START RECORD EXTRACTS

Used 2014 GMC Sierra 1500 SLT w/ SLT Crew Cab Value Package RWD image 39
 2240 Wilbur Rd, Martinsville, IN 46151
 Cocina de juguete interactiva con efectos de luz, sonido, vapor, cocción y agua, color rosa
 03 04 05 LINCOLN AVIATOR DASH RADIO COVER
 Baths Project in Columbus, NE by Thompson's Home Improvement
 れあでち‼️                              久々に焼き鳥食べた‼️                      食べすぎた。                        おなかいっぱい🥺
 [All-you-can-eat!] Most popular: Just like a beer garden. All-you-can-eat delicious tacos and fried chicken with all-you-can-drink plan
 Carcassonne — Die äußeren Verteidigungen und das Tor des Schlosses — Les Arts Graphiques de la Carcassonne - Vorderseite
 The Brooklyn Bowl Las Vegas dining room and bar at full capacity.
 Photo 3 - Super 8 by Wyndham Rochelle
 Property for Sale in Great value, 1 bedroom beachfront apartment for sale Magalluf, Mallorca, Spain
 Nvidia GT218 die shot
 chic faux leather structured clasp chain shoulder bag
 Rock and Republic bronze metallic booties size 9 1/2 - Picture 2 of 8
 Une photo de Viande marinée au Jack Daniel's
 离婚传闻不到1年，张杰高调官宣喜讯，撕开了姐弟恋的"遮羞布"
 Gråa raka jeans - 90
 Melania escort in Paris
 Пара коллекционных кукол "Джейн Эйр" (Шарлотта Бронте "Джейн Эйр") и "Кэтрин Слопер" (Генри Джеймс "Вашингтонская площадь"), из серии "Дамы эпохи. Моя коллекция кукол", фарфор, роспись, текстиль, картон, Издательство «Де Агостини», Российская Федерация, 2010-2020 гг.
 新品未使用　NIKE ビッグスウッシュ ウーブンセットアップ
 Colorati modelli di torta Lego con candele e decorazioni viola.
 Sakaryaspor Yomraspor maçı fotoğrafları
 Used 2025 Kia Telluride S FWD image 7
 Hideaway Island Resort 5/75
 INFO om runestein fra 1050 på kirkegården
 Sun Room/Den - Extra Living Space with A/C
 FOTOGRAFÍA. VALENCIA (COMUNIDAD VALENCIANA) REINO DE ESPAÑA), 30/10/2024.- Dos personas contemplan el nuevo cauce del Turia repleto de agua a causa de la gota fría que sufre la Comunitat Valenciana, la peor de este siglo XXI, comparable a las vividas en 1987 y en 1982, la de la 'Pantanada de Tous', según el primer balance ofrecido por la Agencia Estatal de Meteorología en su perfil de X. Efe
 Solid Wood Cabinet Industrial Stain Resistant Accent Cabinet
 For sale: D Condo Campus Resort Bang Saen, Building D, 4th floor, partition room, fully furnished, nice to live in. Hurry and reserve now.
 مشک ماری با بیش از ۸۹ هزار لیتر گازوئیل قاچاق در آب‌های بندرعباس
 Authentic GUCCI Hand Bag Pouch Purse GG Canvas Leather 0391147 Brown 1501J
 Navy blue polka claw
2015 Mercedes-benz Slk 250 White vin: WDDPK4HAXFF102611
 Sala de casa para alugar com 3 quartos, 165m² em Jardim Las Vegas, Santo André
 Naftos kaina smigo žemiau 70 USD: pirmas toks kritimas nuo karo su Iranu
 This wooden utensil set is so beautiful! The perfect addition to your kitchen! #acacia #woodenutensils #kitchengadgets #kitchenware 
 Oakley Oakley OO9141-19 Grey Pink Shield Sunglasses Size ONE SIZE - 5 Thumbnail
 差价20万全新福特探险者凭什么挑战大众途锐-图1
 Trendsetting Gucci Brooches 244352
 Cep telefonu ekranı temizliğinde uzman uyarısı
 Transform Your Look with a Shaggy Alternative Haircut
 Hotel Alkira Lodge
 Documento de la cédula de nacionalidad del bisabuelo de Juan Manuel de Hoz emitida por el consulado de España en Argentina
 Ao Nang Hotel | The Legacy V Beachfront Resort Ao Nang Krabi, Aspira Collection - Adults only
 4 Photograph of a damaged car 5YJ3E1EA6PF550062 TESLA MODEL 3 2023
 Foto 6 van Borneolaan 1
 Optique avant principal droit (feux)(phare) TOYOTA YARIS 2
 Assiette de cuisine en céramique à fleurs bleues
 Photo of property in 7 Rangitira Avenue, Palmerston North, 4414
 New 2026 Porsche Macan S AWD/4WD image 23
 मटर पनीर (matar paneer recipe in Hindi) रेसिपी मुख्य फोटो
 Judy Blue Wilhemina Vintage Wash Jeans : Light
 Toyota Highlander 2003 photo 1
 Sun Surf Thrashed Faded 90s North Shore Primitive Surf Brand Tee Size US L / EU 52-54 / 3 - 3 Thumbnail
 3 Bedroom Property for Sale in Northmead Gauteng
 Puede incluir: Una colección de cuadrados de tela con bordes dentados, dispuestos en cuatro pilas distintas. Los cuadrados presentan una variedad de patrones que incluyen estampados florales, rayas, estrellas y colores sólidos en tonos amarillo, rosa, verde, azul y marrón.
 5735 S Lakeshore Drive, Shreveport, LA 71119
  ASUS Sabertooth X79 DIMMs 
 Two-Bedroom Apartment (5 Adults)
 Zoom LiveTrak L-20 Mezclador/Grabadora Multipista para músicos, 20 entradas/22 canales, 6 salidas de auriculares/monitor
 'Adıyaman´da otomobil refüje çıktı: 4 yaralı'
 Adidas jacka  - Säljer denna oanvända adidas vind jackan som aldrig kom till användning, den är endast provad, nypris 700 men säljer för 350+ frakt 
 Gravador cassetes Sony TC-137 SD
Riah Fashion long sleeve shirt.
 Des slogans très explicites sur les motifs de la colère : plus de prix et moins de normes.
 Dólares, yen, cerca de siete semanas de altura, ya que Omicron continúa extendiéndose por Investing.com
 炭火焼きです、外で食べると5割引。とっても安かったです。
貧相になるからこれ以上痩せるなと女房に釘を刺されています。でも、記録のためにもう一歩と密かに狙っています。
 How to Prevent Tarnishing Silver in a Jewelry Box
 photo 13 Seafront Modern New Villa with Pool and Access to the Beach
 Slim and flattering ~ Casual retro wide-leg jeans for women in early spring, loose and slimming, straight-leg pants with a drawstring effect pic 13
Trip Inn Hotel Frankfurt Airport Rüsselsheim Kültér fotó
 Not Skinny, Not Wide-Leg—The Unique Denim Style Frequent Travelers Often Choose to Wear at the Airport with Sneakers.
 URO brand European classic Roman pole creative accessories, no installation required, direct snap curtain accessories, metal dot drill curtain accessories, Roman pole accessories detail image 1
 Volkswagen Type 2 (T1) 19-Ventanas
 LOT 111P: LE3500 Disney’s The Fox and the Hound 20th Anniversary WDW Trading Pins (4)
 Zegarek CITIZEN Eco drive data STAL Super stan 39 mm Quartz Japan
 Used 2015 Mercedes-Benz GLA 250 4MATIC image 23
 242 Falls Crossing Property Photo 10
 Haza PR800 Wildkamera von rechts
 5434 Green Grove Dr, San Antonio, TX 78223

END RECORD EXTRACTS

TASK INSTRUCTIONS
Looking at the entries above, can you reproduce exactly the lines from the one that holds "Пара коллекционных кукол" through the one that holds "For sale: D", and only those?

ANSWER SPACE
 Пара коллекционных кукол "Джейн Эйр" (Шарлотта Бронте "Джейн Эйр") и "Кэтрин Слопер" (Генри Джеймс "Вашингтонская площадь"), из серии "Дамы эпохи. Моя коллекция кукол", фарфор, роспись, текстиль, картон, Издательство «Де Агостини», Российская Федерация, 2010-2020 гг.
 新品未使用　NIKE ビッグスウッシュ ウーブンセットアップ
 Colorati modelli di torta Lego con candele e decorazioni viola.
 Sakaryaspor Yomraspor maçı fotoğrafları
 Used 2025 Kia Telluride S FWD image 7
 Hideaway Island Resort 5/75
 INFO om runestein fra 1050 på kirkegården
 Sun Room/Den - Extra Living Space with A/C
 FOTOGRAFÍA. VALENCIA (COMUNIDAD VALENCIANA) REINO DE ESPAÑA), 30/10/2024.- Dos personas contemplan el nuevo cauce del Turia repleto de agua a causa de la gota fría que sufre la Comunitat Valenciana, la peor de este siglo XXI, comparable a las vividas en 1987 y en 1982, la de la 'Pantanada de Tous', según el primer balance ofrecido por la Agencia Estatal de Meteorología en su perfil de X. Efe
 Solid Wood Cabinet Industrial Stain Resistant Accent Cabinet
 For sale: D Condo Campus Resort Bang Saen, Building D, 4th floor, partition room, fully furnished, nice to live in. Hurry and reserve now.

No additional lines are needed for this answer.